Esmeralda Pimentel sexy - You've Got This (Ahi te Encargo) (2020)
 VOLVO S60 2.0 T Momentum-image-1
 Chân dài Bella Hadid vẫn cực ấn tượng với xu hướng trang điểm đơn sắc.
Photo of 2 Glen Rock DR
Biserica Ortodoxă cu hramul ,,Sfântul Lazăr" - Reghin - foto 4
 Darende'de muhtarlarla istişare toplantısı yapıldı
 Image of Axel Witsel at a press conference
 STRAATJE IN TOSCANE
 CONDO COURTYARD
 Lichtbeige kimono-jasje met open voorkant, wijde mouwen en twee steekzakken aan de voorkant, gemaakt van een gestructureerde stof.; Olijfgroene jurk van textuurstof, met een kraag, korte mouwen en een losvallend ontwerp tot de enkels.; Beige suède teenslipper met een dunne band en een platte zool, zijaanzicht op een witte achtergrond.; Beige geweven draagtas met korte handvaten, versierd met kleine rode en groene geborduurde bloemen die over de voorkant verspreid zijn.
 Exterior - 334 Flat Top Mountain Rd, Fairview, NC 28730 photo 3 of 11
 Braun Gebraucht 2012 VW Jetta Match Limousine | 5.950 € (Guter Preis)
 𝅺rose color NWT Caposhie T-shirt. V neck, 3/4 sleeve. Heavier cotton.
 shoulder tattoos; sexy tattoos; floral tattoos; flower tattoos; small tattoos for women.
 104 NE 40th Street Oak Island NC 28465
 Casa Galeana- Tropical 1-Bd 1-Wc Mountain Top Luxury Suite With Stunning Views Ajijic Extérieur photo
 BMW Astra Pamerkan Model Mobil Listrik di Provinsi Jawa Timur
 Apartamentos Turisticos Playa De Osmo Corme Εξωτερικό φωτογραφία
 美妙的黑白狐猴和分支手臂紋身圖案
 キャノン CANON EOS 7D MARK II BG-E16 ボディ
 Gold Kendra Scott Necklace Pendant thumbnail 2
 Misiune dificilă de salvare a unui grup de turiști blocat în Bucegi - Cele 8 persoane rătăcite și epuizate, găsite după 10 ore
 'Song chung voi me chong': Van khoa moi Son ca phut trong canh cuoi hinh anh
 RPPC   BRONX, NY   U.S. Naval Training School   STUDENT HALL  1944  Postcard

» Exercise brief
Your task is to set down exactly the lines from the line containing "Misiune dificilă de" to the end of the data above, including both ends.

» The answer
 Misiune dificilă de salvare a unui grup de turiști blocat în Bucegi - Cele 8 persoane rătăcite și epuizate, găsite după 10 ore
 'Song chung voi me chong': Van khoa moi Son ca phut trong canh cuoi hinh anh
 RPPC   BRONX, NY   U.S. Naval Training School   STUDENT HALL  1944  Postcard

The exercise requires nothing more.